Globalton
It’s Steve Yegge’s fault that I was rethinking the singleton pattern. I read his Singleton Considered Stupid post in early 2008 with the rest of the proggit before it devolved into a memetic garbage patch. Yegge’s rant ends with a note about design patterns that curled up in my hindbrain and has been whispering to me since:
The problem is, about 1/3 to 1/2 of them [design patterns] were basically cover-ups for deficiencies in C++ that don’t exist in other languages. Although I’m not a huge Perl fan anymore, I have to admit the Perl community caught on to this first (or at least funniest). They pointed out that many of these so-called patterns were actually an implementation of Functional Programming in C++.
I’ve had the ranty discussions about how the singleton could be better known as globalton typical of any developer who’s heard that joke:
I’ve never understood why people bother with all that mucking around with instances. Just tag the object initialization on to the end some startup script like the database initialization and add ‘global $map;’ anytime you want to access it. It’s a global variable; most languages have very succinct idioms for managing those, unfortunately.
Singleton has a very small niche managing some hardware access and then is abused approximately all of the time as a noisy version of global variables. Seeing this over and over kept me thinking about whether design patterns are indeed mostly a standard set of tools for working around language deficiencies. (ObSlander: It’d certainly explain the Java community’s fixation on them.)
I’ve had an urge to reread Design Patterns and work through them in a high-level language like Ruby or, better, JavaScript.

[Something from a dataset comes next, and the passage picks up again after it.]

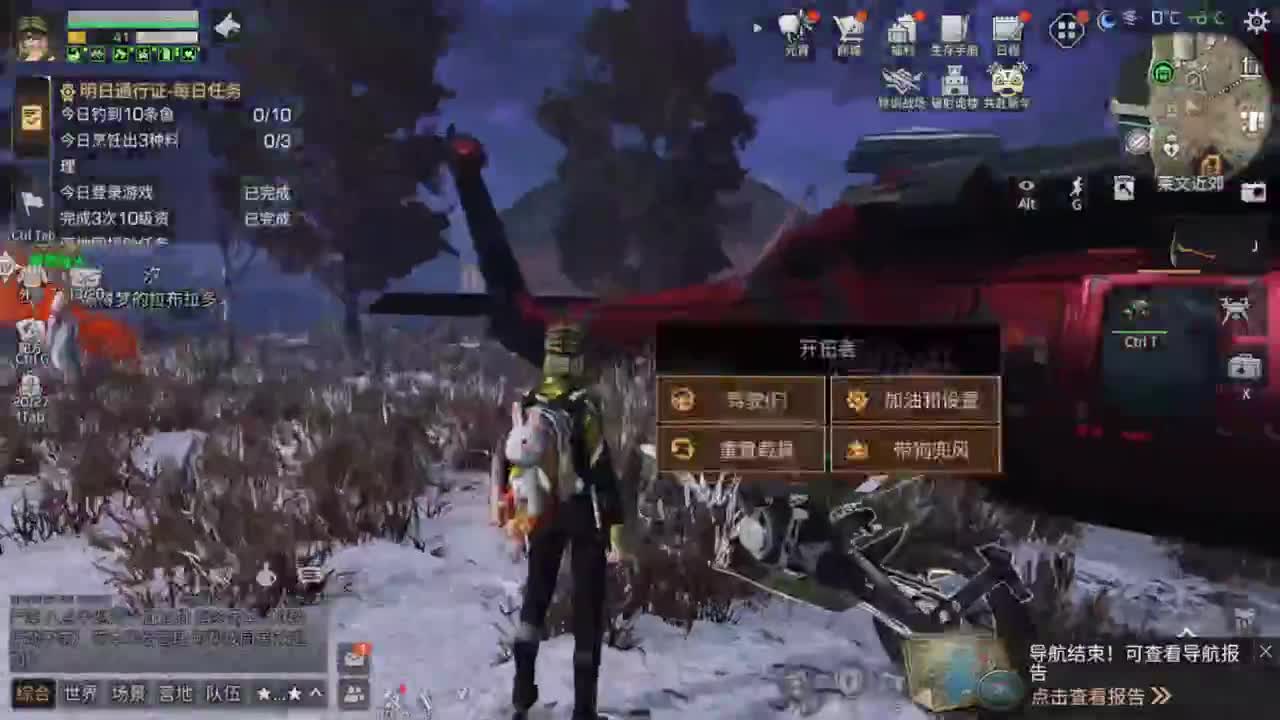 16号了！！！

But it turns out, as usual, that Peter Norvig is way ahead, with a 1998 presentation on design patterns in dynamic language noting that in some languages design patterns are simply invisible. Unfortunately he didn’t leave behind a detailed pronouncement of opinion as to the value remaining in design patterns when a language invisibly supports the most common patterns at the least, so I suppose I still have the exercise ahead of me.